- What to do
Leave the images out and repeat the data exactly as given.

- Supplied material
"""
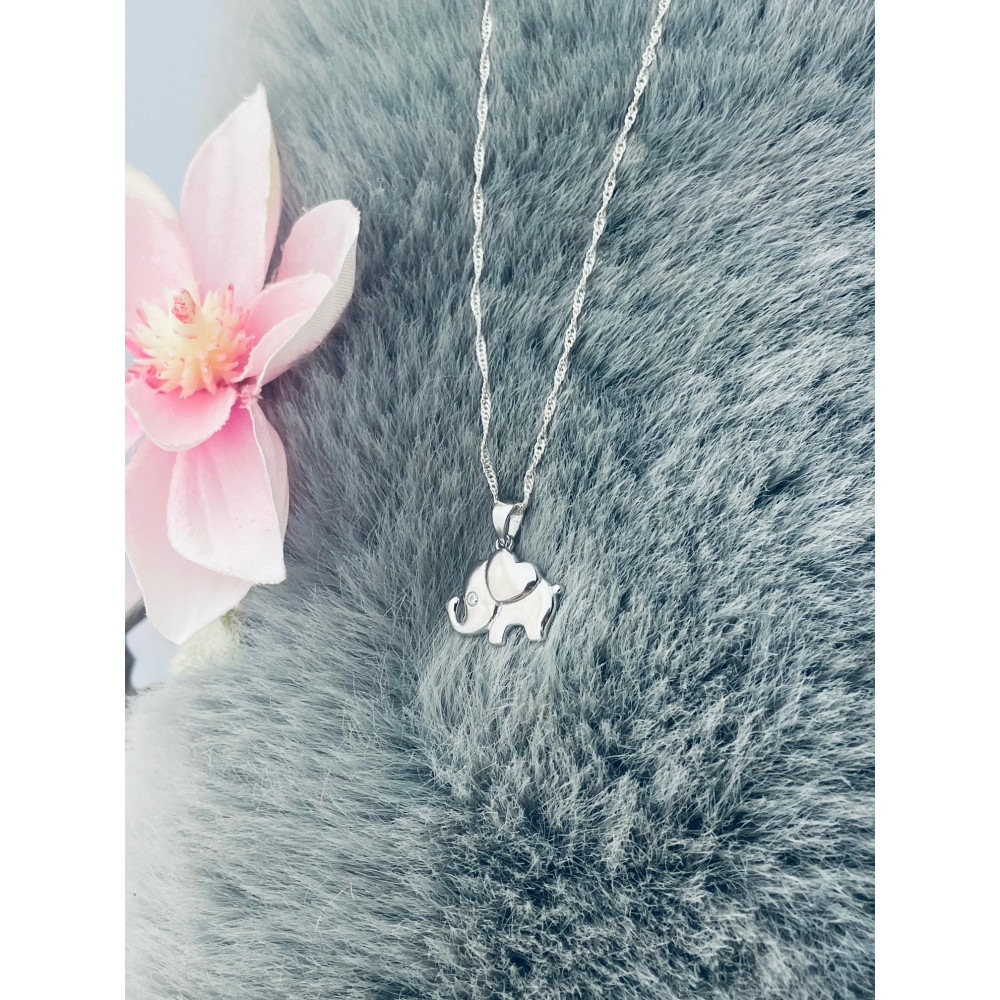 Elefant 925 Silber Damen Medaillon Anhänger mit Zirkonia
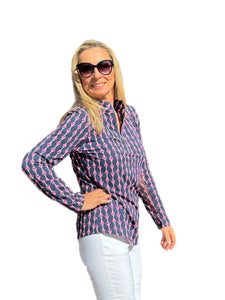 High Zip-Neck Long Sleeve Top with UPF50+ Martinis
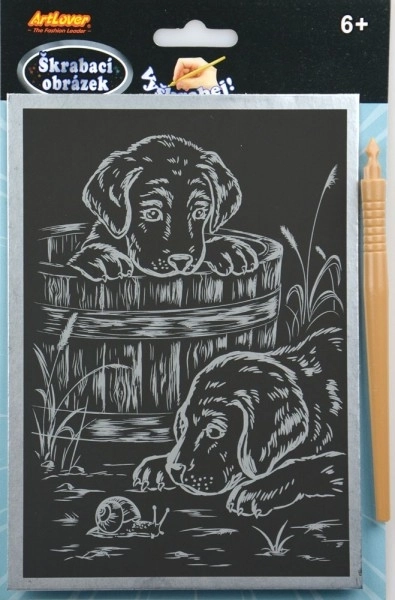 Škrabací obrázek stříbrný 14x22cm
"""
- Response area
 Elefant 925 Silber Damen Medaillon Anhänger mit Zirkonia
 High Zip-Neck Long Sleeve Top with UPF50+ Martinis
 Škrabací obrázek stříbrný 14x22cm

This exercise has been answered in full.